Le contexte de l’époque, milieu du 18ème siècle, est celui du combat de Marie Leczinska, Polonaise, épouse de Louis XV qui réussira à imposer au évêques de France une fête religieuse annuelle du Sacré Cœur.
Ce souhait de Joseph Gaspard Pailhoux témoigne de la relation de sa famille, de sa mère  (Marie Thérèse de Ros)  à l’église  et de leur sensibilité religieuse. Aux siècles précédents, les membres de la famille d’Arse se faisaient ensevelir dans la chapelle Saint François, probablement l’actuelle chapelle Saint Joseph car la grande chapelle de la Vierge est de construction beaucoup plus récente.

La vierge à l'enfant de Cascastel
La vierge à l’enfant de Cascastel

Mais il ne craint pas de tenter d’entrer dans la noblesse de robe. Nous apprenons que le 18 Septembre 1757, il « aurait verbalement acquis de Me Pierre de Nicolas son Etat et Office de Commissaire au Parlement de Toulouse au prix de 17000 livres ».

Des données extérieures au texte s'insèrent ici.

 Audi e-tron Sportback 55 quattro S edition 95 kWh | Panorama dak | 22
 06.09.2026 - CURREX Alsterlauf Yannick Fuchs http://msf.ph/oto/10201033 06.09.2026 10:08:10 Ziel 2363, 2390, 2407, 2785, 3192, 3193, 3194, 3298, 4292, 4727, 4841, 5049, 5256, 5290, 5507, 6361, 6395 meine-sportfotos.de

Pailhoux ne possède pas cette somme, mais il a des idées. A la suite d’arrangements familiaux, il bénéficie d’une rente perpétuelle de 1000 livres dont le capital de 20 000 livres est entre les mains de sa belle sœur  » la demoiselle de Thaisa ». Sans demander l’avis de l’intéressée Joseph Gaspard décide de payer son office avec cette somme. Le vendeur lui ristournera 3000 livres. Mais la dame ne veut rien entendre. Me de Nicolas dès 1757, exige une reconnaissance de dette de 17000 livres. Messire Pailhoux dans l’impossibilité de faire face à une telle dépense, met la charge en vente en priant le procureur d’indiquer à « l’acheteur de la payer au dit de Nicolas ».
Paihoux va alors se lancer dans l’industrie. Il possède quelques mines et la forge de Padern. Son fils aîné se rend à Paris pour y rencontrer Me Duhamel « correspondant de l’académie des sciences, Ingénieur du Roy », et Me Pelletier, « tous deux habitants de Paris ». Le 20 Février 1779, Joseph Gaspard envoie à Melchior une procuration « …à raison de la société qui doit se faire pour l’exploitation de toutes les mines appartenant au dit seigneur de Pailhoux ».

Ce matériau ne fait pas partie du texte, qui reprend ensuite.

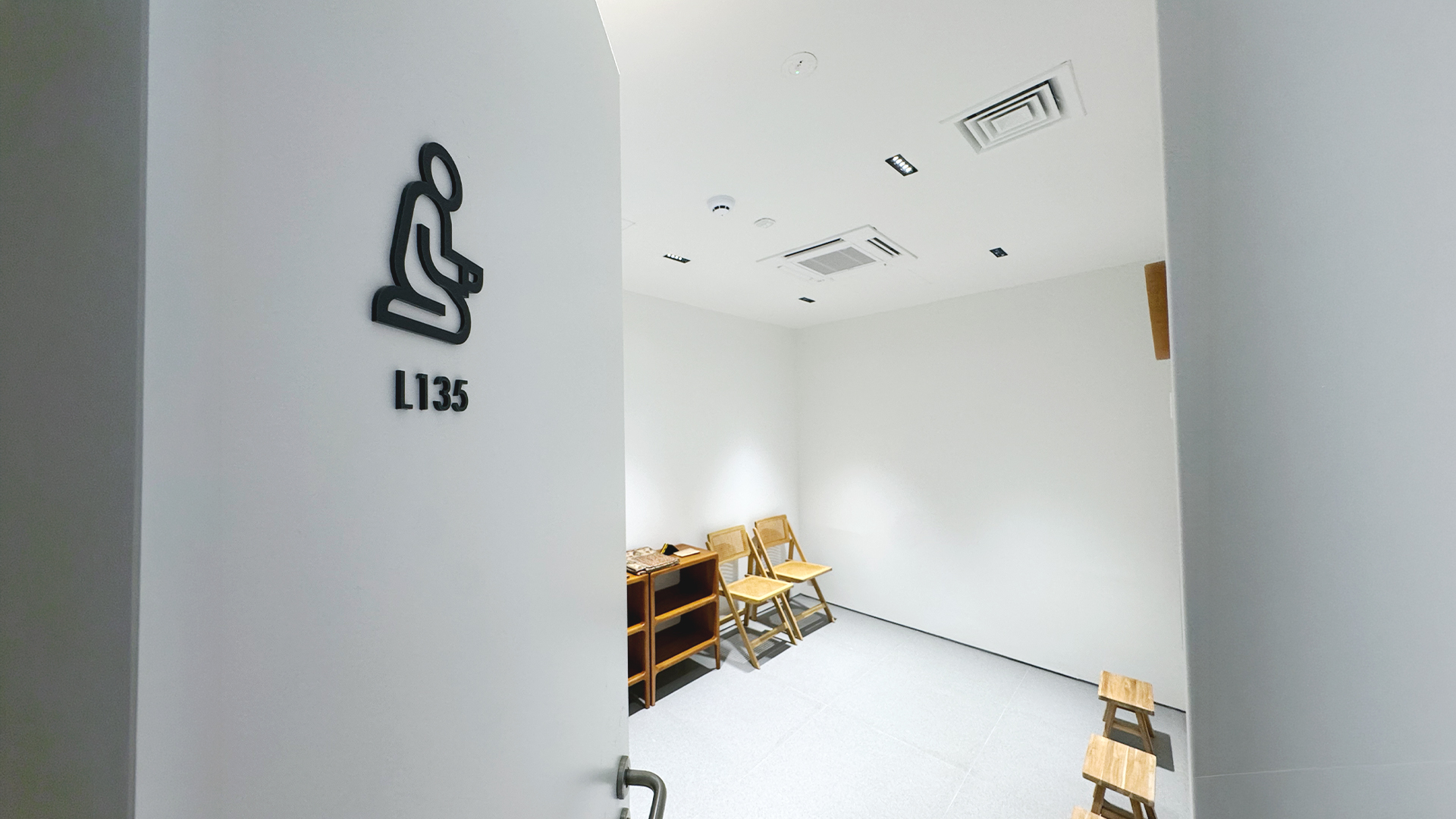 Prayer Room (4)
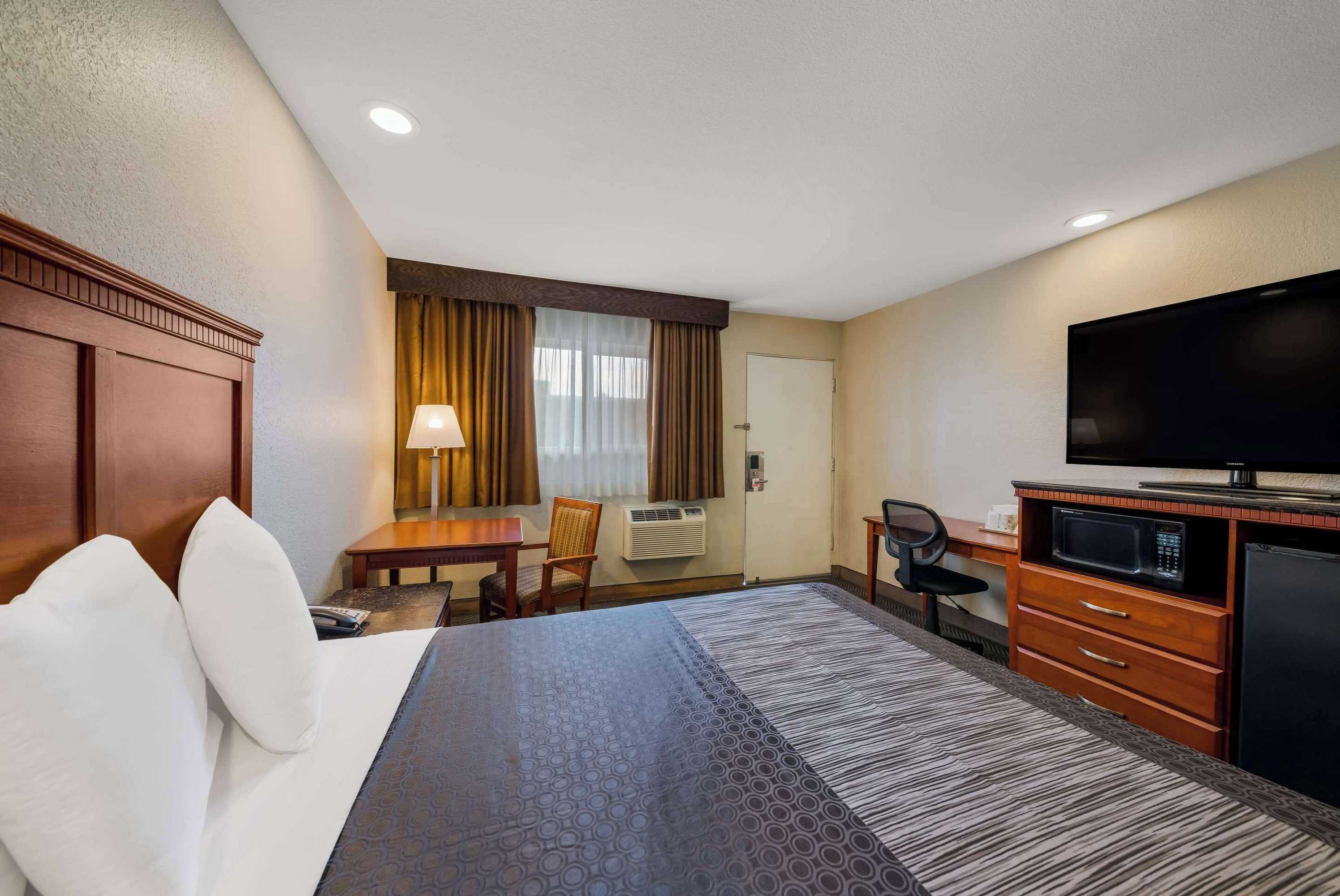 Gift card for Rodeway Inn South San Francisco Airport Gift card for Rodeway Inn South San Francisco Airport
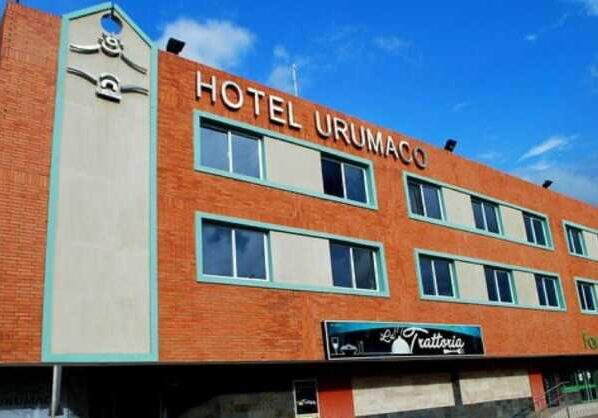 Según Antonio Garvet, propietario del Hotel Urumaco, el cierre se debe a un incumplimiento de una formalidad de carácter legal con el Seniat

L’association est constituée, la partie technique confiée à Duhamel, la gestion financière à Pelletier. Mais l’entreprise bat bien vite de l’aile par la faute semble t’il de Pelletier. Duhamel et Pailhoux, le 20 Octobre 1779, choisissent un procureur « auquel ils donnent pouvoir » d’exiger paiement des billets du Sr Pelletier, quessier des mines, tirès en faveur de Mr Duhamel et endossés par Mr de Cascastel et en cas de deffaud de payement par le dit Pelletier faire toutes diligences en justice … ».
C’est donc à cette date qu’entre en scène le Sr Dagobert. En 1780, « …Messire Luc Siméon Auguste, écuyer, Sieur de Fontenille, Capitaine Commandant les grenadiers du Régiment Royal Italien, fils de feu Messire Gabriel Dagobert sieur de la Bretonière, né à La Chapelle En Juger évêché de Coutance près Saint Lo  » est en garnison à Perpignan. Dagobert est le cousin de Jean Pierre Duhamel qui le présente à Demoiselle Josèphe Claire Jacquette de Pailhoux, fille de Joseph Gaspard. Le mariage a lieu en Août 1780. Le marié a 44ans. La mariée reçoit en dot une part des mines et de la forge de Padern.

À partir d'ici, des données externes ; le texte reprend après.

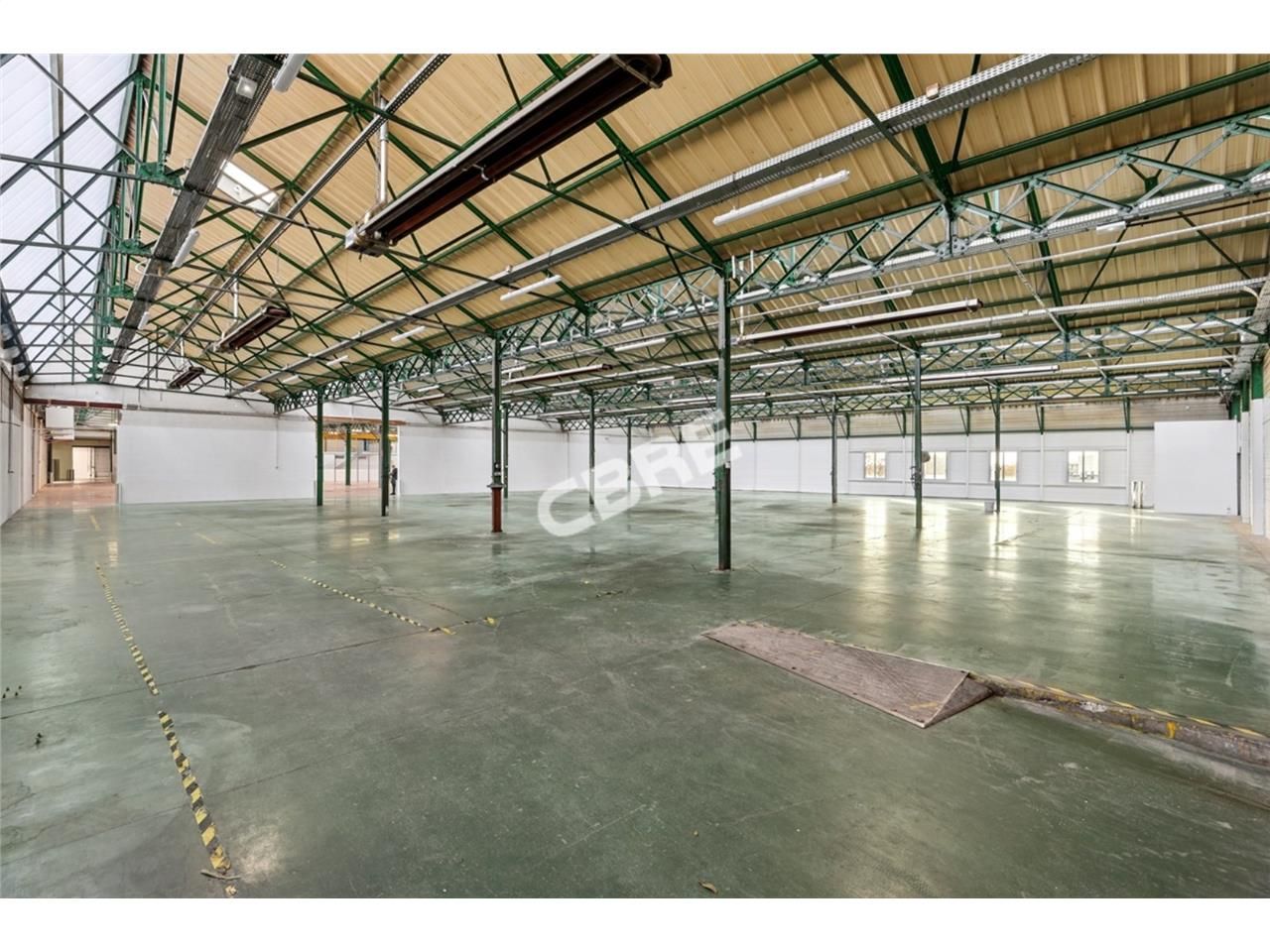 CBRE vous propose à louer, un entrepôt/local d'ac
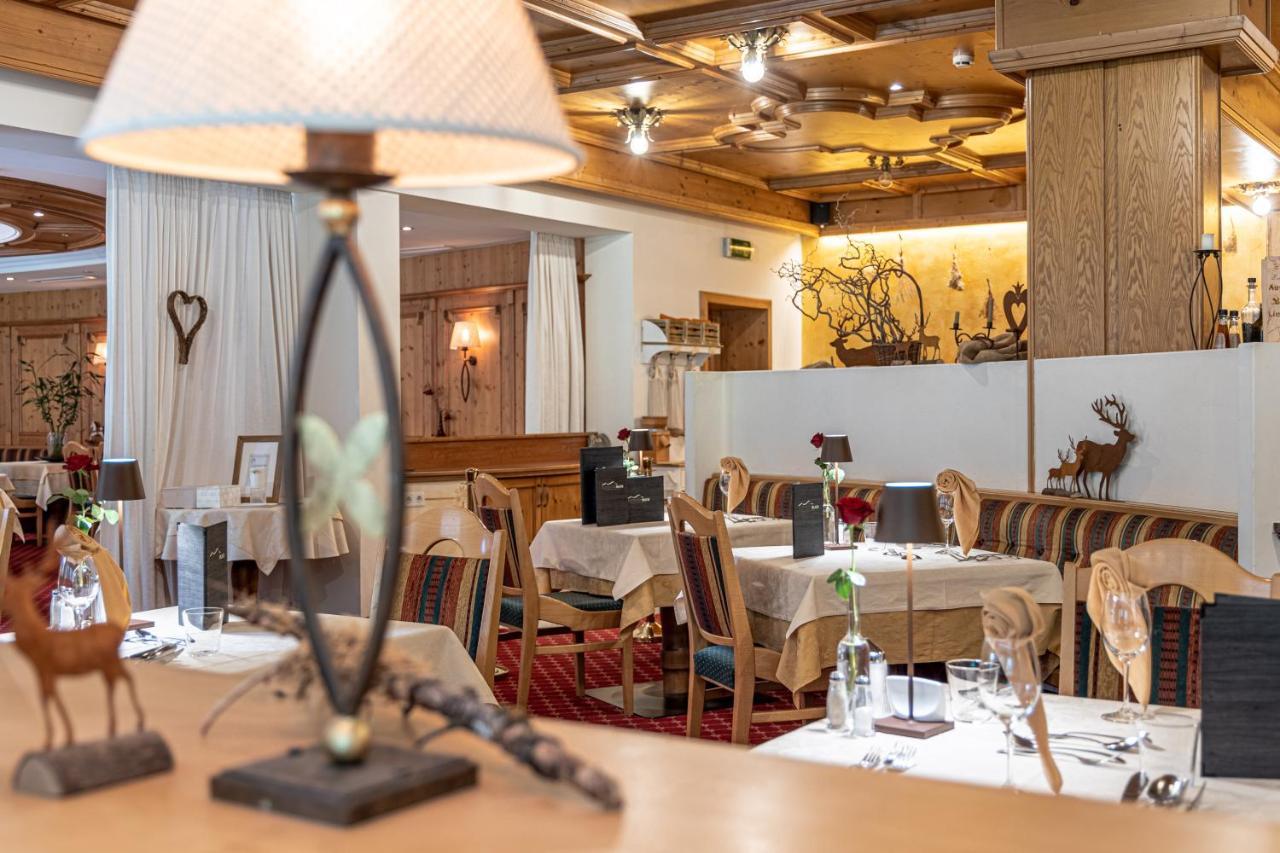 Hotel Gletscherblick Sankt Leonhard im Pitztal Ngoại thất bức ảnh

Le 29 Septembre 1780, Dagobert et Duhamel s’associent et confient l’exploitation « … des droits que les sieurs constituants ont sur la forge de Padern et toutes les mines et bois attachés à la dite forge » à Mr Alexandre Chapel de la Flenderie, ingénieur des mines, résidant à la forge. Il y a donc maintenant deux directions à cette entreprise, ce qui ne manque pas de provoquer des frictions.
La raison finit par triompher et , le 10 Décembre1782, Joseph Gaspard cède sa part à son beau-fils qui devient ainsi seul propriétaire des forges. Les bâtiments sont évalués à 4000 livres. Le matériel: martinet, fourneau à acier, meules, etc. … est estimé 16000 livres. Une clause prévoit « … que la jouissance du minier de Balansac pour la mine de fer appartiendra en totalité à Messire de Dagobert sa vie durant et qu’après sa mort, le tiers du dit minier reviendra à Mr de Cascastel ou à ses héritiers… ».
Le même jour Dagobert donne pouvoir « … de régir et administrer sa forge de Padern à Mr Jean Nègre, curé de Padern… ».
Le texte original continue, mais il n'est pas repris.